CHICAGO — Sears says it will accelerate plans to close unprofitable stores and will consider additional staff cuts as it tries to stem the red ink after what it called a “challenging” holiday selling season.

Sears Holdings on Tuesday said fourth-quarter sales in stores open at least a year fell 7.2 percent in Kmart stores and 6.9 percent at Sears stores, despite the company entering the holiday period “with key product offerings and promotions intended to build engagement with our members and provide them with the best experience possible,” the company said in a filing with the Securities and Exchange Commission.

For the full year, that measurement of sales fell 7.3 percent at Kmart and 11.1 percent at Sears.

Spokesman Chris Brathwaite noted Sears wasn’t the only company that struggled during the holidays, but it fared worse than some competitors.

Macy’s saw a 4.7 percent drop in November and December sales compared with 2014 in stores open at least a year. J.C. Penney reported a 3.9 percent increase in sales over that time period, while Kohl’s reported a 0.4 percent increase over 2014 for the full fourth quarter.
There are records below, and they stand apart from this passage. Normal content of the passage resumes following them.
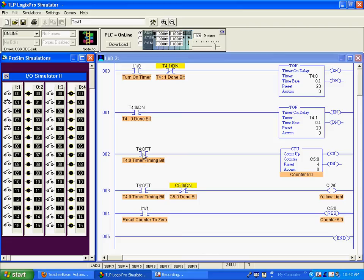Now, while that timer is timing, T40, that's this one, while it's timing, this bit will be true.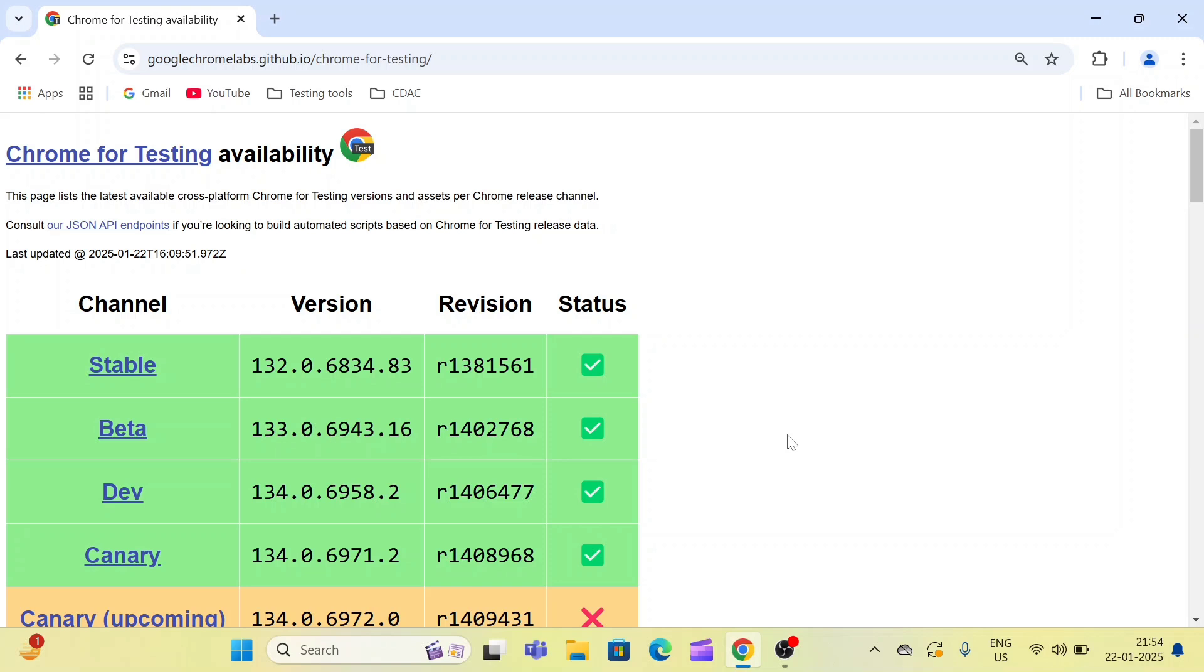Second way is I always prefer that you update your browser. Once you upgrade your browser, then you can easily find the ChromeDriver for that upgraded browser from this official website.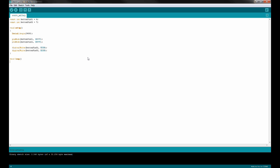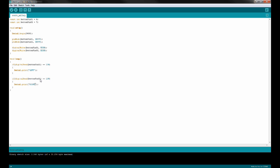In the loop, I want to look for whenever one of these buttons is pressed down. I can do that using digital read — so whenever button pin 1 is LOW, I want to do something. To test it, I'll do Serial.print and print 'left'. I'll do the same thing for the other button and just print 'right'. So whenever button 1 is pressed down it prints 'left', and whenever button 2 is pressed down it prints 'right'.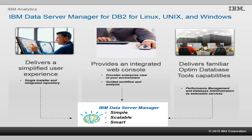In this video, we show how you can quickly set up IBM Data Server Manager to explore its base features.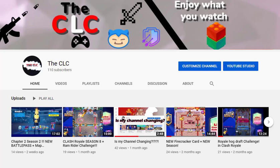Also, let me say that thank you for all the support on my is my channel changing video. We got 14 views, as you can see.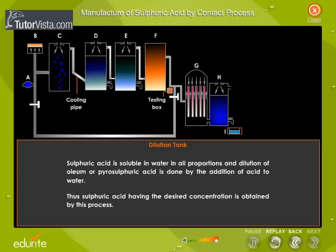In the dilution tank, sulfuric acid — being soluble in water in all proportions — is obtained by diluting oleum, or pyrosulphuric acid, by the addition of acid to water. Thus, sulfuric acid having the desired concentration is obtained by this process.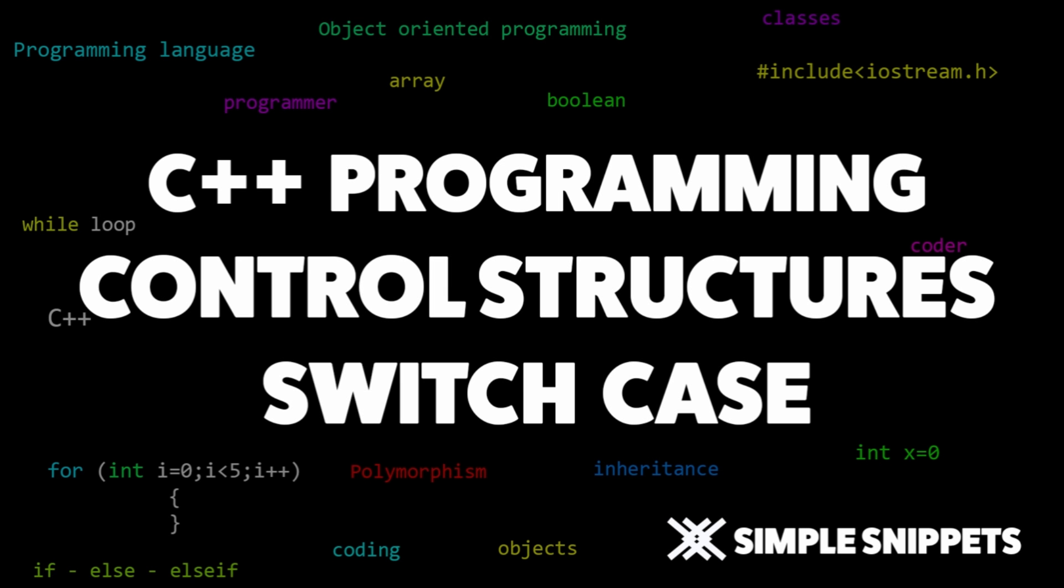Hey what's up guys, Tanma here for Simple Snippets and I am back with another video for C++ programming and control structures. So today we are going to be discussing a new control structure, the switch case control structure.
Sears already had said it would close 50 stores this year, with most shutting down between March and April, said spokesman Howard Reifs. Most of those are Kmart stores where the company opted not renew leases, he said.

Tuesday, it said the shutdown of unprofitable stores would include — but not be limited to — those locations.

The company said it also would seek to raise at least $300 million by selling other unspecified assets during the first half of the year, but declined to comment further on what assets might eventually be sold.

This year, Sears said it plans to take actions that would cut its costs by between $550 million and $650 million, following cuts of between $765 million and $790 million in 2015.

“The most important thing is that there are further actions being taken,” said Brathwaite.

Although the company’s appliances business is still a bright spot, the outlook for other goods is dismal, said Pam Goodfellow, an analyst with Prosper Insights & Analytics.

The share of customers who say they most often choose Sears when shopping for clothing, shoes and electronics has dropped more than 40 percent in each category over the last 10 years, according to a Prosper Analytics survey of about 7,000 U.S. shoppers over 18.

Sears used to rank in the top group of national retailers like Kohl’s, Wal-Mart and Macy’s where surveyed customers said they most often shopped for women’s clothing, Goodfellow said. But it now ranks in the middle of the pack, slightly behind Goodwill, she said.